Die Marmortaube. Søren Jakobsen
Brannte Licht im Palais von Christian IX., war die königliche Familie zu Hause, und konnte er Lene erzählen, daß er auf sie aufpassen mußte?
Das Palais war dunkel. Margarethe und Henrik hatten wohl genug von all den Touristen, die in dem neuen Park hinter dem Schloß herumrannten und sich auf die Mauern stellten, um wenigstens einen kurzen Blick auf die Regentenfamilie zu werfen. Vom höchsten Punkt des Parks aus konnte man genau in die Bel-Etage des Schlosses gucken.
Wenn man zwischen einer Reihe schöner Schlösser wählen kann, läßt sich nichts dagegen sagen, daß man ab und zu umzieht, um sein Privatleben ungestört von aller Öffentlichkeit genießen zu können. An diesem Abend gefiel das dem treuen Untertan Søndergaard gar nicht. Die Möglichkeit, sich interessant zu machen, war dahin. Er mußte sich abreagieren.

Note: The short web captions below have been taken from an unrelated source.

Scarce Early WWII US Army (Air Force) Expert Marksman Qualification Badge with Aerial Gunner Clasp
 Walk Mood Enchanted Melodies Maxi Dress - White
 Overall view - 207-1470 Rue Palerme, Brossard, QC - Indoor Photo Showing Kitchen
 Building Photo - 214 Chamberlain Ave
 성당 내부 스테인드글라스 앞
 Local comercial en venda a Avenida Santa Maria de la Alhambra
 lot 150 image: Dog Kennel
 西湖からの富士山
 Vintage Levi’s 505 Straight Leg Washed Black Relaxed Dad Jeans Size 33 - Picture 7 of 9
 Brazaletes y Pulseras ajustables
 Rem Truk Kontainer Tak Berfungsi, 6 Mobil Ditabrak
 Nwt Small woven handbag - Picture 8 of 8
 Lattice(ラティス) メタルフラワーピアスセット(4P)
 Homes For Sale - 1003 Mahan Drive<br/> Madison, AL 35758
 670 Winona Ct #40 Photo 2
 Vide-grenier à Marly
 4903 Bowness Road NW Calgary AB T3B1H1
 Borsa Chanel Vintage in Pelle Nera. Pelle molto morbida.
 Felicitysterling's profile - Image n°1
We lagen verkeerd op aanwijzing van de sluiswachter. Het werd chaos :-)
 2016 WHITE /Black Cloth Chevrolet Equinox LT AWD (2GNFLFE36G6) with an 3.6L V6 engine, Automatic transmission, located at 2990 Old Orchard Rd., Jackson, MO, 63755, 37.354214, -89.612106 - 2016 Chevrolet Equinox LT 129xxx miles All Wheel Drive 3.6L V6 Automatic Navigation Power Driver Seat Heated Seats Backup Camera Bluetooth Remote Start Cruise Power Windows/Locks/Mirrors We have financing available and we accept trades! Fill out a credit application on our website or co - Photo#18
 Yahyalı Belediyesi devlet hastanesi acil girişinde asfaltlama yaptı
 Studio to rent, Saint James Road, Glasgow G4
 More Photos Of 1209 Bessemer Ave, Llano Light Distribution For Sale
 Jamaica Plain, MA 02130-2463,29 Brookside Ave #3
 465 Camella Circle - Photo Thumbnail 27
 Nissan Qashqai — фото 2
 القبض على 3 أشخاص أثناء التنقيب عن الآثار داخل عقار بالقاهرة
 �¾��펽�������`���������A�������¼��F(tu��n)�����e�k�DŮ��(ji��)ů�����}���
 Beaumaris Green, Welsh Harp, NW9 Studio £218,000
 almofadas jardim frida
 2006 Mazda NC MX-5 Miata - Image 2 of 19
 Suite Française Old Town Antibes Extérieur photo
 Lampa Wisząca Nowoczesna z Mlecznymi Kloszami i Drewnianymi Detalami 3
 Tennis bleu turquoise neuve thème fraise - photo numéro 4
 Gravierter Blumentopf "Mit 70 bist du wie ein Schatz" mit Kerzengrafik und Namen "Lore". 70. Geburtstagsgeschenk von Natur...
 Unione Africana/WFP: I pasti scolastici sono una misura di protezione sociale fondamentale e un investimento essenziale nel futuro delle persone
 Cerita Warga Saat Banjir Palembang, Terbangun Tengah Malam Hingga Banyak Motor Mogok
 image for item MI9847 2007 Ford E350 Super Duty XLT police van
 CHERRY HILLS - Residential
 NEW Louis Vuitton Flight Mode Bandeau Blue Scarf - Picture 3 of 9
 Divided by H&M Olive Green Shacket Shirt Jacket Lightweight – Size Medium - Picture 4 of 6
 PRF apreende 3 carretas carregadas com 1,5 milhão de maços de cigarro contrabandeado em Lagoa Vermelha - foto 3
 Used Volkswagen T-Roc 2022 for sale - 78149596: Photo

Aber jeder Versuch, sich zu unterhalten, war aussichtslos. Zu laut dröhnten die Reifen auf dem Kopfsteinpflaster. Søndergaard gab trotzdem nicht auf.
»Was ist?« Petersen hatte nur mitbekommen, daß Søndergaard über Prinz Henrik redete.
Søndergaard wandte ihm den Kopf zu, es gelang ihm aber nicht mehr, seine Meinung über den Prinzen zu wiederholen. Über Sprechfunk kam eine Meldung.
»023, bitte kommen ... bitte kommen«, forderte der Funker des 2. Reviers.
Petersen fischte das Mikrophon aus der Halterung.
»Hier 023, Amalienborg Slotsplads.«
»023, bitte fahren Sie sofort zur Marmorkirche. Dort sollen Schüsse gefallen sein.«
»Verstanden.«
Søndergaard schaltete Sirene und Blaulicht ein und trat aufs Gas.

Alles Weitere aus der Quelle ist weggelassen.